Raymond Zarpanelian

Personal information
- Date of birth: 17 May 1933
- Place of birth: Paris, France
- Date of death: 29 March 2011 (aged 77)
- Place of death: Paris, France

Managerial career
- Years: Team
- 1993–1994: Sierra Leone
- 1997: ASF Bobo Dioulasso
- Al-Ansar

= Raymond Zarpanelian =

French football coach (1933–2011)

Raymond Zarpanelian (17 May 1933 – 29 March 2011) was an Armenian-French football coach who was last known to have been based at Al-Ansar in Saudi Arabia.

==Career==
===Sierra Leone===

In 1993, he was appointed manager of Sierra Leone.

Assisted by Sam Obi Metzger, Zarpanelian guided Sierra Leone to a 4–0 defeat to Ivory Coast and a 0–0 stalemate with Zambia at the 1994 Africa Cup of Nations, causing him to step down as coach and go back to Paris.

===Burkina Faso===
Working with ASFA Yennenga in early 1997, the Franco-Armenian took charge of ASF Bobo Dioulasso by summer of that year, driving them to a runners-up position in the league and a national cup trophy.

===Uganda===
Visited Uganda with French journalist Frank Simon to watch the 2000 CECAFA Cup and observe East African football.

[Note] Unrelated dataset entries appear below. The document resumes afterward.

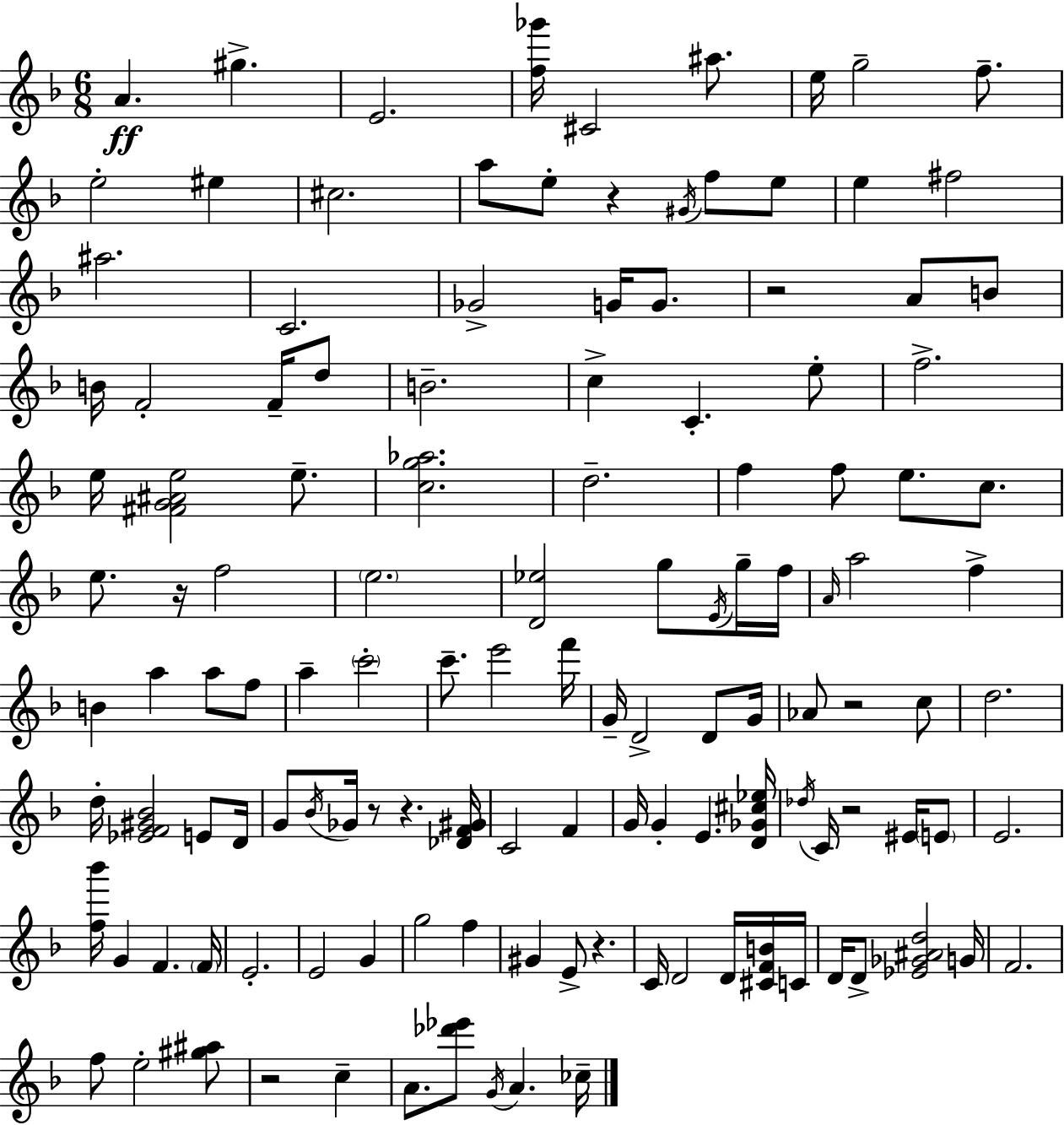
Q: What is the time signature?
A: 6/8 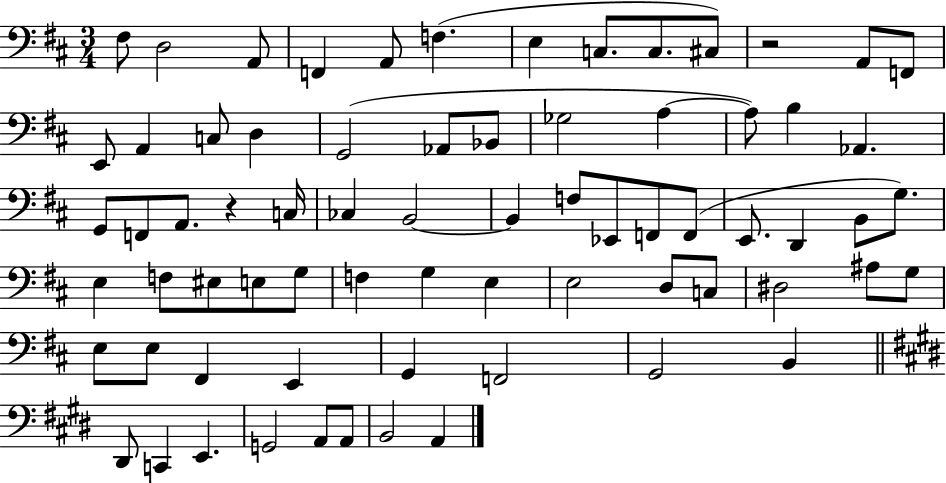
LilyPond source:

{
  \clef bass
  \numericTimeSignature
  \time 3/4
  \key d \major
  fis8 d2 a,8 | f,4 a,8 f4.( | e4 c8. c8. cis8) | r2 a,8 f,8 | \break e,8 a,4 c8 d4 | g,2( aes,8 bes,8 | ges2 a4~~ | a8) b4 aes,4. | \break g,8 f,8 a,8. r4 c16 | ces4 b,2~~ | b,4 f8 ees,8 f,8 f,8( | e,8. d,4 b,8 g8.) | \break e4 f8 eis8 e8 g8 | f4 g4 e4 | e2 d8 c8 | dis2 ais8 g8 | \break e8 e8 fis,4 e,4 | g,4 f,2 | g,2 b,4 | \bar "||" \break \key e \major dis,8 c,4 e,4. | g,2 a,8 a,8 | b,2 a,4 | \bar "|."
} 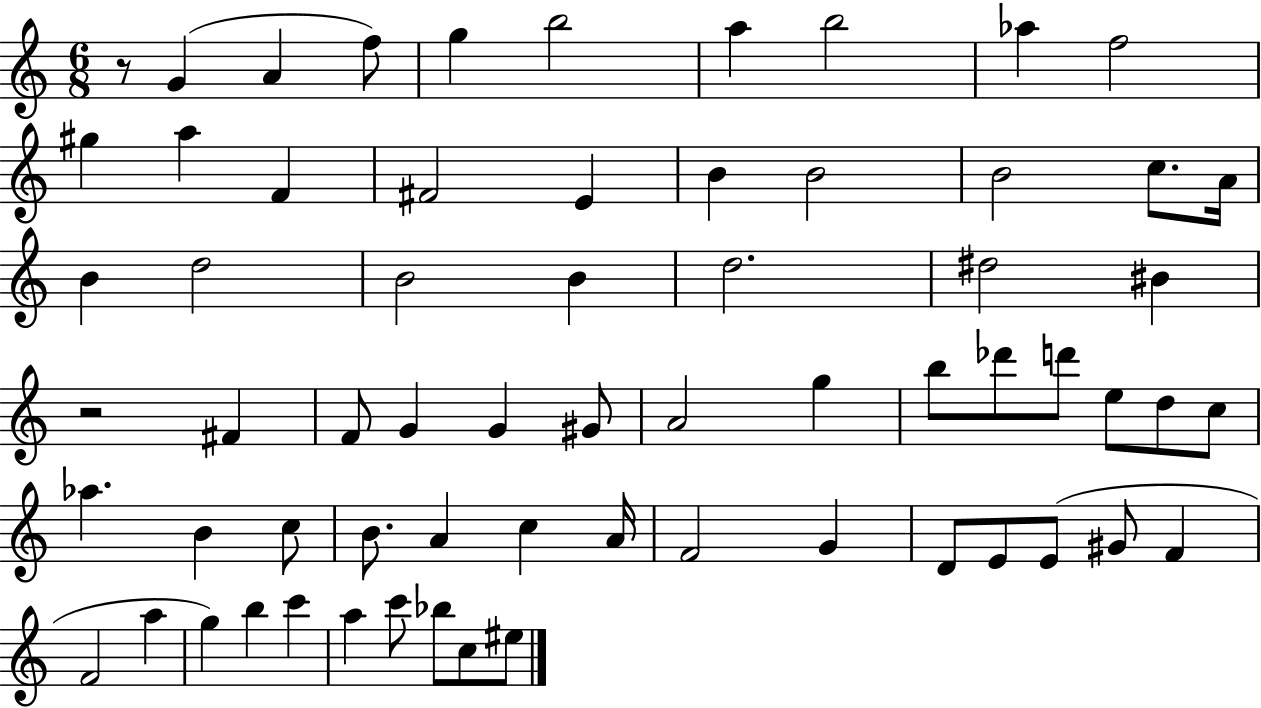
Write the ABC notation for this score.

X:1
T:Untitled
M:6/8
L:1/4
K:C
z/2 G A f/2 g b2 a b2 _a f2 ^g a F ^F2 E B B2 B2 c/2 A/4 B d2 B2 B d2 ^d2 ^B z2 ^F F/2 G G ^G/2 A2 g b/2 _d'/2 d'/2 e/2 d/2 c/2 _a B c/2 B/2 A c A/4 F2 G D/2 E/2 E/2 ^G/2 F F2 a g b c' a c'/2 _b/2 c/2 ^e/2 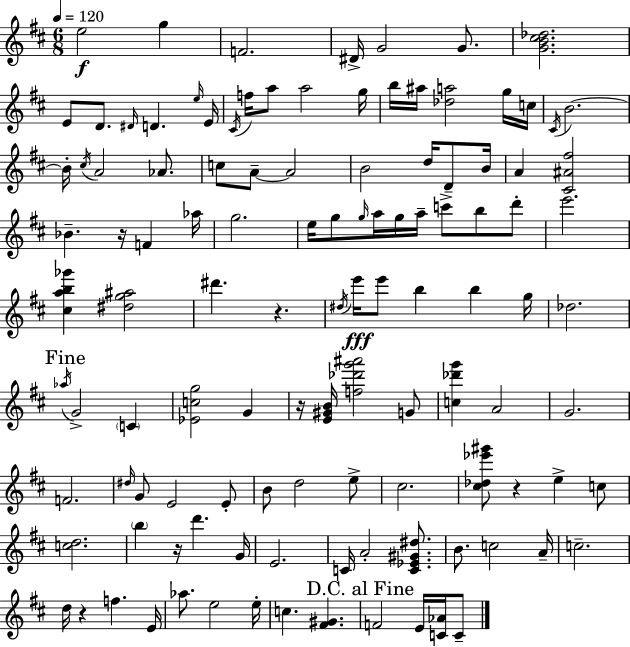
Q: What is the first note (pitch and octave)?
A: E5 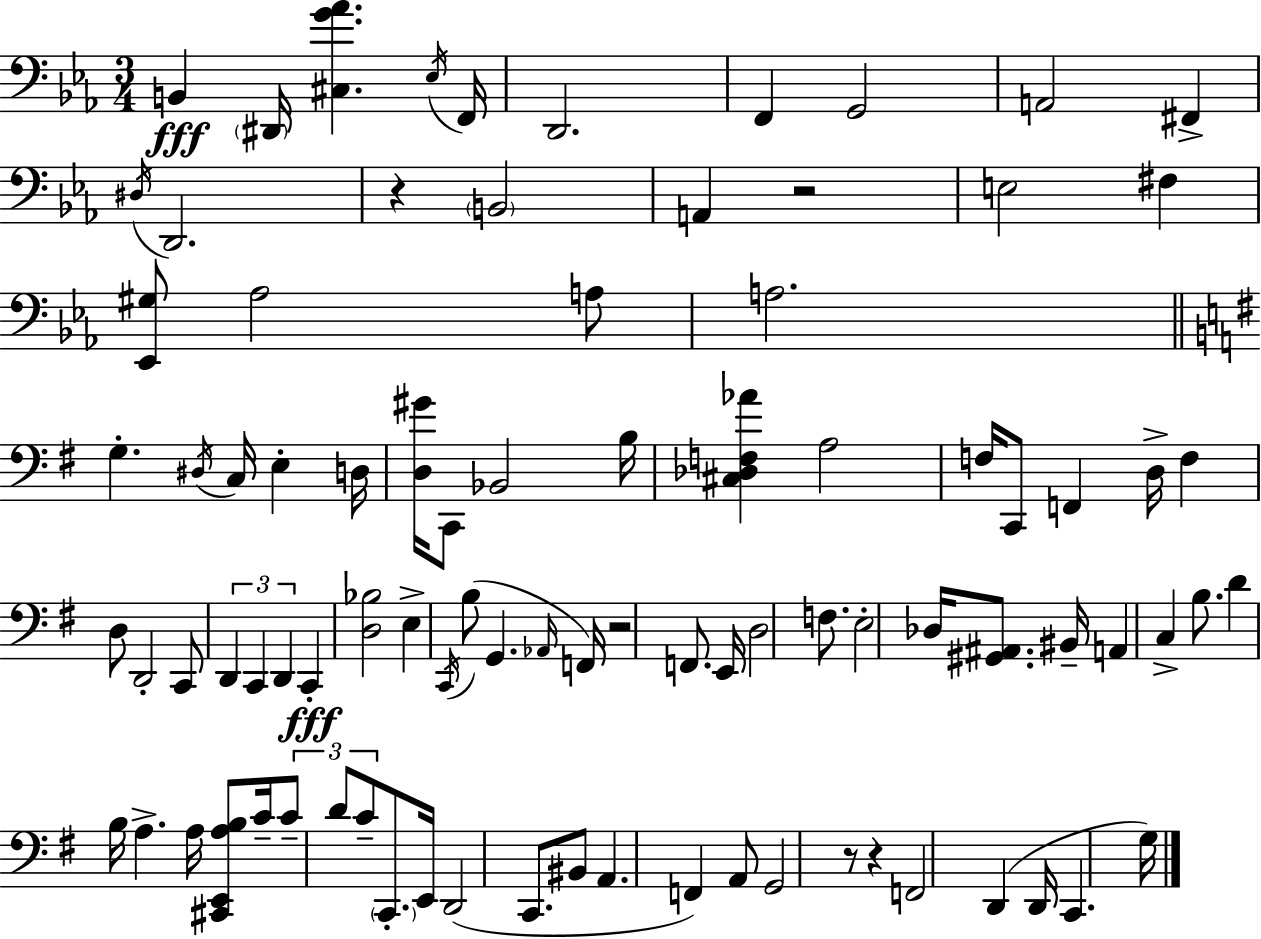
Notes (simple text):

B2/q D#2/s [C#3,G4,Ab4]/q. Eb3/s F2/s D2/h. F2/q G2/h A2/h F#2/q D#3/s D2/h. R/q B2/h A2/q R/h E3/h F#3/q [Eb2,G#3]/e Ab3/h A3/e A3/h. G3/q. D#3/s C3/s E3/q D3/s [D3,G#4]/s C2/e Bb2/h B3/s [C#3,Db3,F3,Ab4]/q A3/h F3/s C2/e F2/q D3/s F3/q D3/e D2/h C2/e D2/q C2/q D2/q C2/q [D3,Bb3]/h E3/q C2/s B3/e G2/q. Ab2/s F2/s R/h F2/e. E2/s D3/h F3/e. E3/h Db3/s [G#2,A#2]/e. BIS2/s A2/q C3/q B3/e. D4/q B3/s A3/q. A3/s [C#2,E2,A3,B3]/e C4/s C4/e D4/e C4/e C2/e. E2/s D2/h C2/e. BIS2/e A2/q. F2/q A2/e G2/h R/e R/q F2/h D2/q D2/s C2/q. G3/s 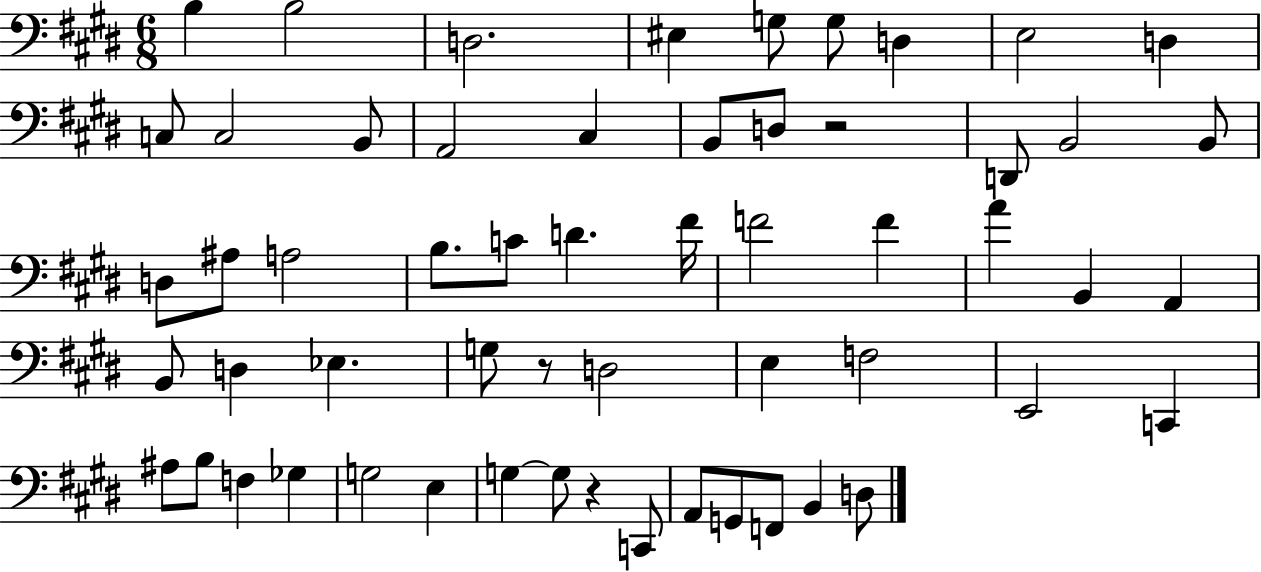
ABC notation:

X:1
T:Untitled
M:6/8
L:1/4
K:E
B, B,2 D,2 ^E, G,/2 G,/2 D, E,2 D, C,/2 C,2 B,,/2 A,,2 ^C, B,,/2 D,/2 z2 D,,/2 B,,2 B,,/2 D,/2 ^A,/2 A,2 B,/2 C/2 D ^F/4 F2 F A B,, A,, B,,/2 D, _E, G,/2 z/2 D,2 E, F,2 E,,2 C,, ^A,/2 B,/2 F, _G, G,2 E, G, G,/2 z C,,/2 A,,/2 G,,/2 F,,/2 B,, D,/2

==Personal life and death==
The former Sierra Leone mentor was said to have been a magnanimous person.

Diagnosed with kidney cancer, Zarpanelian died at a hospital in Paris at the age of 78 in 2011 and was buried on 6 April. Previously, he was linked with the Central African Republic technical director position. The Raymond Zarpanelian Trophy was launched in 2014 to honor an African-based French football technician each year, with Pascal Janin getting the award for his achievements with Stade Malien.